Jonathan capisce che la sua missione è conclusa e svanisce nel nulla.
Se si legge la dedica dell’autore posta in apertura del romanzo (“Al vero Gabbiano
Jonathan che vive nel profondo di tutti noi”) si comprende che il percorso di ricerca
del protagonista viene auspicato anche per il lettore. Jonathan Livingston è in
effetti una favola a sfondo spirituale, che descrive un percorso di miglioramento
interiore attraverso una serie di tappe intermedie. Qui la tradizione del romanzo di
formazione viene dunque spostata sul versante spirituale: ciò che importa è la salute
dell’anima e il volo del gabbiano è la metafora del distacco dal corpo e dal mondo
terrestre per abbracciare una dimensione celeste o comunque metafisica. La novella
di Bach è altamente rappresentativa di quel genere di narrazioni spirituali che si
sviluppano in America negli anni successivi al boom economico degli anni
Cinquanta e che vogliono contrastare gli aspetti più superficiali e materialistici di
una società in rapidissimo sviluppo, legata a doppio filo alla diffusione di un
consumismo sfrenato cui opporre, nella prospettiva di Bach, i valori metafisici della
ricerca di sé, della propria identità, di un valore assoluto cui obbedire a costo di ogni
sacrificio. Per il suo racconto spirituale, Bach ha cucito insieme elementi molto
diversi tra loro in un generico sincretismo filosofico che ha lasciato molto perplessi i
critici ma che ha conquistato più di una generazione di lettori, tanto che Il gabbiano
Jonathan Livingston è considerato in libro di cult. In particolare, vale la pena citare
quanto è stato scritto da Beverly Byrne in una delle recensioni appena uscita dopo la
pubblicazione: “Questo gabbiano è un Siddharta 1 atletico che si fa di latte in
polvere e che mastica il Coranotradotto da Bob Dylan”. 2.
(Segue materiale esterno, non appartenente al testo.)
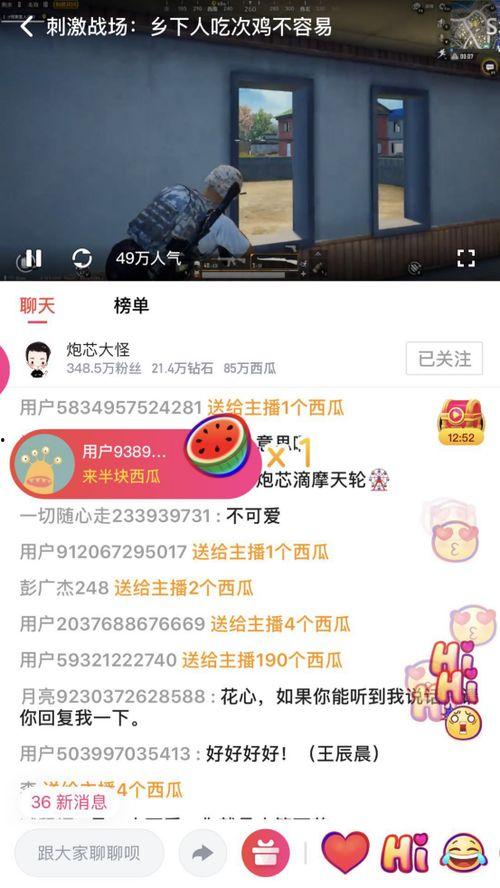 网红吃瓜视频爆料公众号,揭秘娱乐圈幕后真相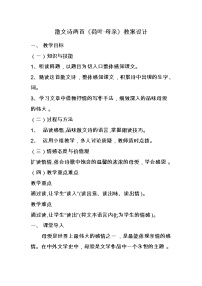 初中语文人教部编版七年级上册荷叶母亲教案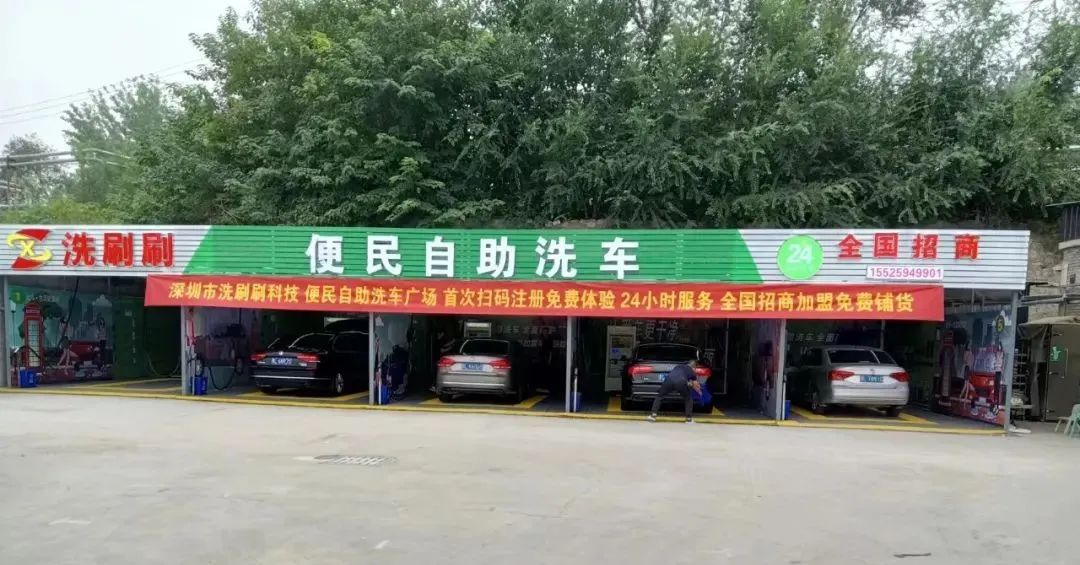 山西临汾洗刷刷自助洗车站点（尧都店）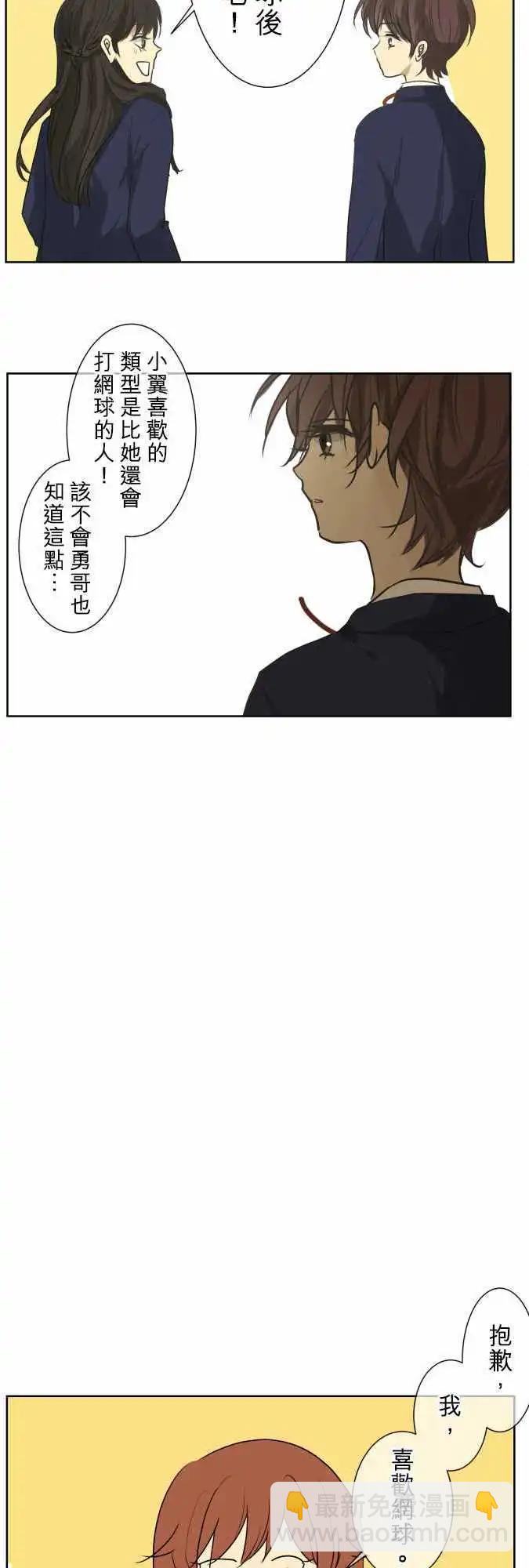 《可可亚79%》第74回 夏天的风声与味道（9） 第12页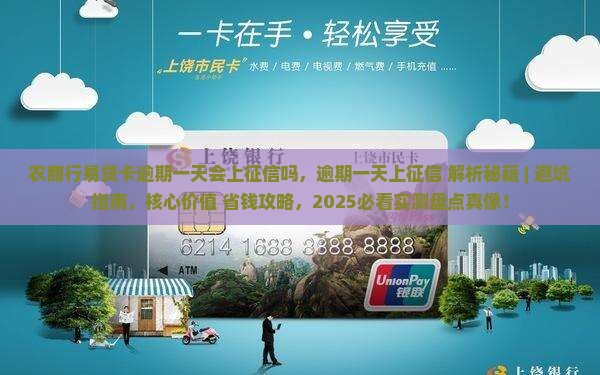 农商行易贷卡逾期一天会上征信吗
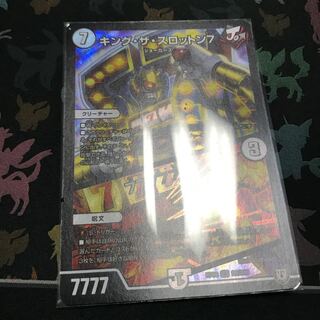 キング・ザ・スロットン7｜7777777 （傷あり）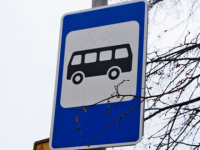 В Северодвинске изменился график автобуса №104 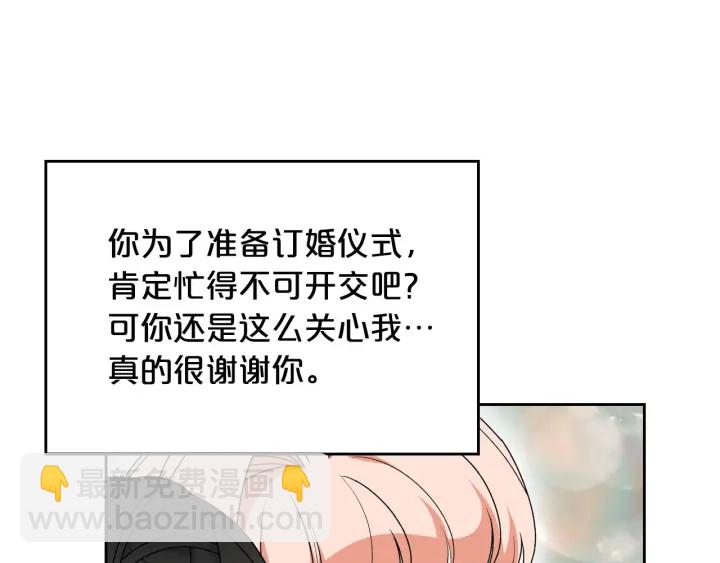 第77话 逼婚130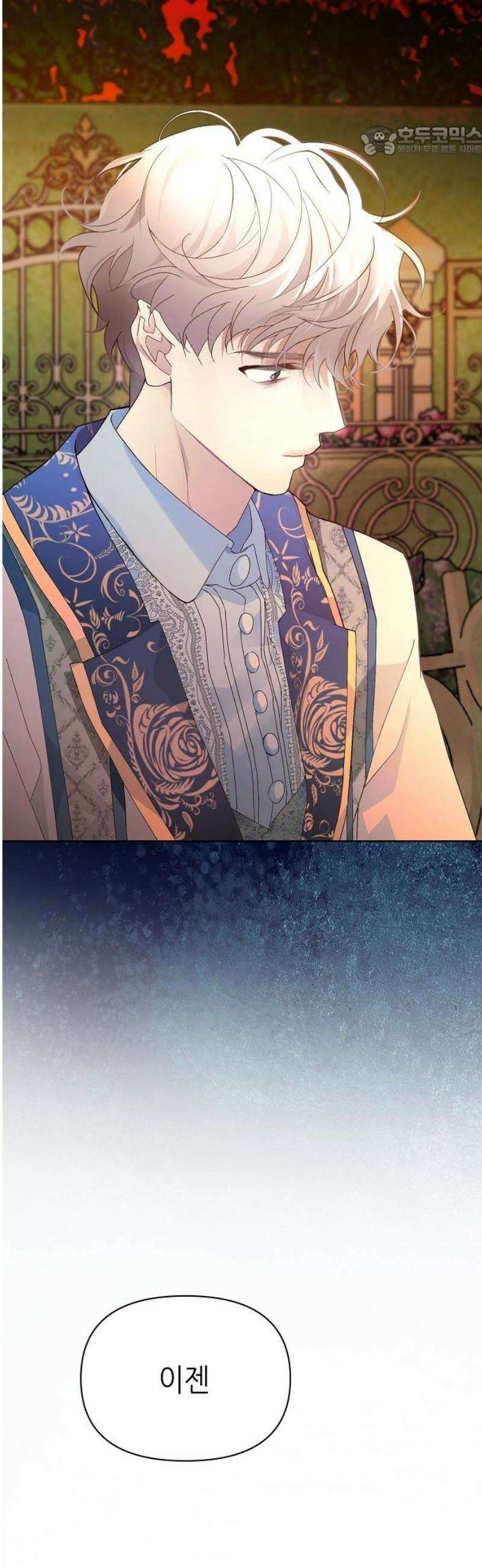 첫날밤을 보낸 그 악녀를 찾습니다 26화 7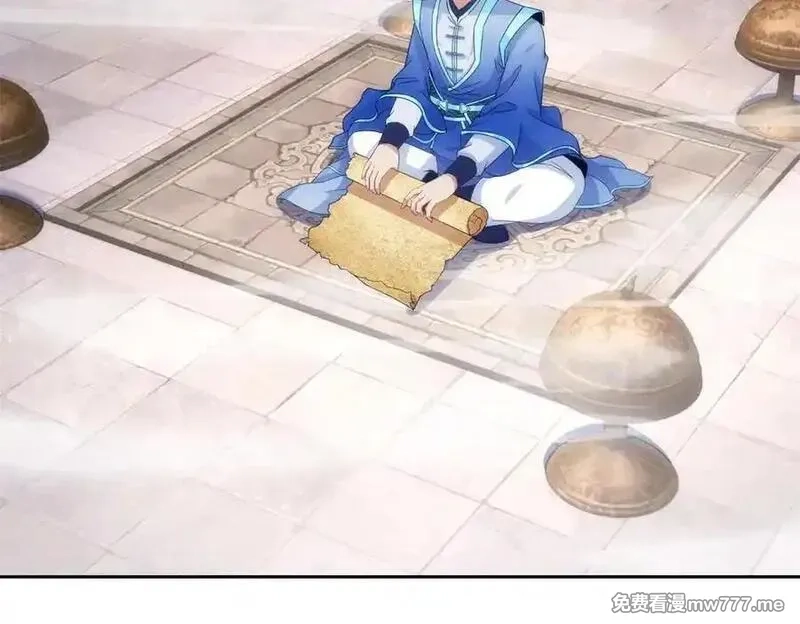 神魂武帝,第413话 残缺的宝藏图,第45张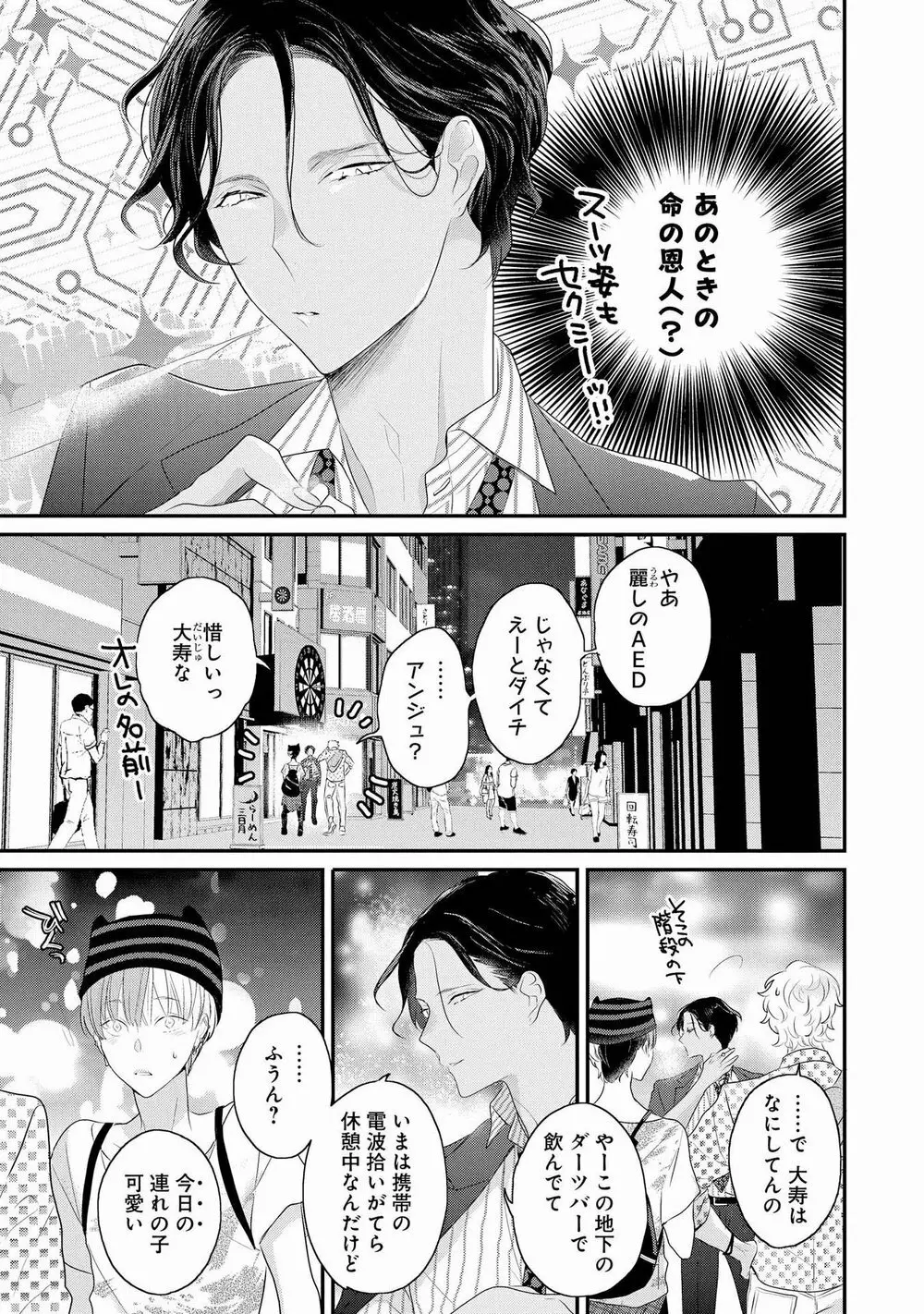 りある≠げえむ√H Page.147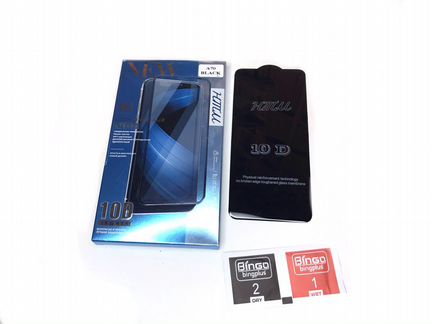 Защитное стекло для Samsung Galaxy A70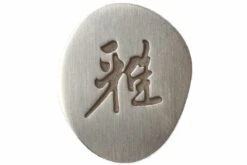 Miyabi By Zwilling 5000MCD Cuchillo De Pan, 34376-231 -Knives And Tools Comercio ZW34376 231 04 zwilling miyabi zw34376 231 d4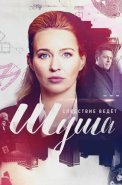 Шуша Сериал 2021 2020
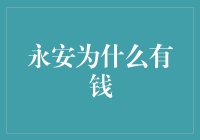 从经济地理学视角解析永安的财富密码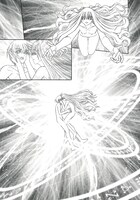 「剣技も魔法も中途半端だからと勘当された少年、大精霊に見初められ最強のオールラウンダーとなる。～今さら帰ってこいと言われても、冒険者稼業が楽しいのでお断りします！～」より。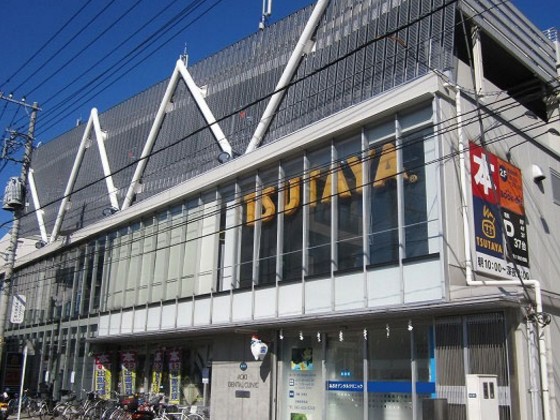ショッピングセンター　TSUTAYA 菊名駅東口店（ショッピングセンター）まで431m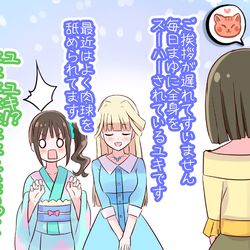This is a pixiv picture whose title is ご挨拶が遅れてすいません。.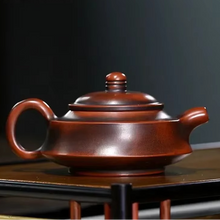 Load image into Gallery viewer, Handmade Yixing Purple Clay Teapot for Traditional Chinese Tea Ceremony 4.7 fl oz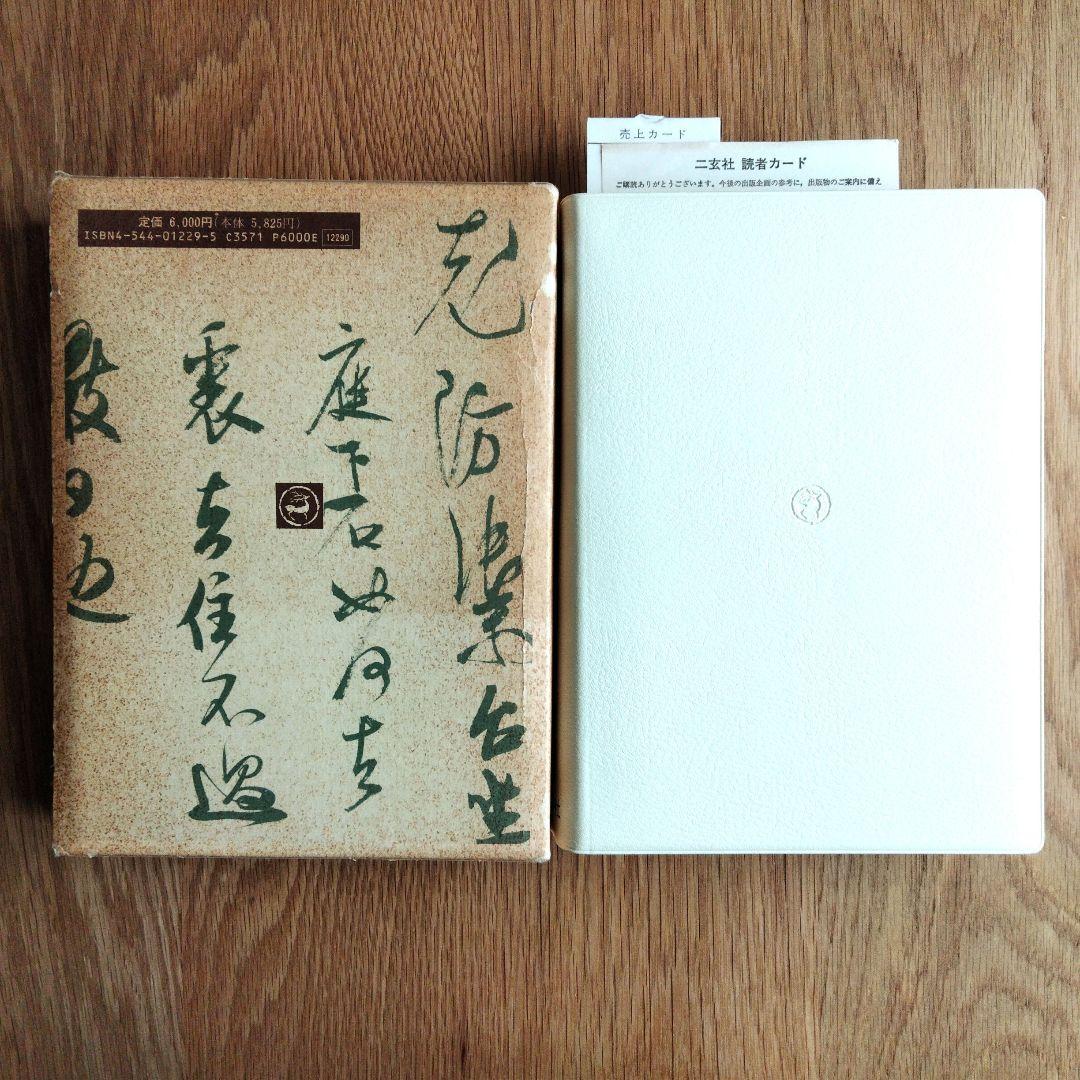 宋四家字典 二玄社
Quello che viene polemicamente sottolineato qui è che la pluralità di fonti di
ispirazione - il buddhismo, l’Islam riveduto e corretto all’americana, i “paradisi
artificiali” offerti dalla droga nella sua versione innocua, come indica il riferimento
al latte in polvere - sono tra di loro filosoficamente incompatibili. Il percorso
spirituale del gabbiano finisce per avere in sé, secondo i suoi critici, qualcosa
di inautentico e pretestuoso. Probabilmente la verità sta nel fatto che Il gabbiano
Jonathan Livingston, come molti romanzi postmoderni, tende ad annullare la
distanza storica (e cioè, diacronica) tra esperienze culturali tra loro molto diverse
accorpandole in un’unità (sincronica) talvolta molto efficace dal punto di vista
narrativo ma che rischia di restare, filosoficamente, ad un livello molto superficiale.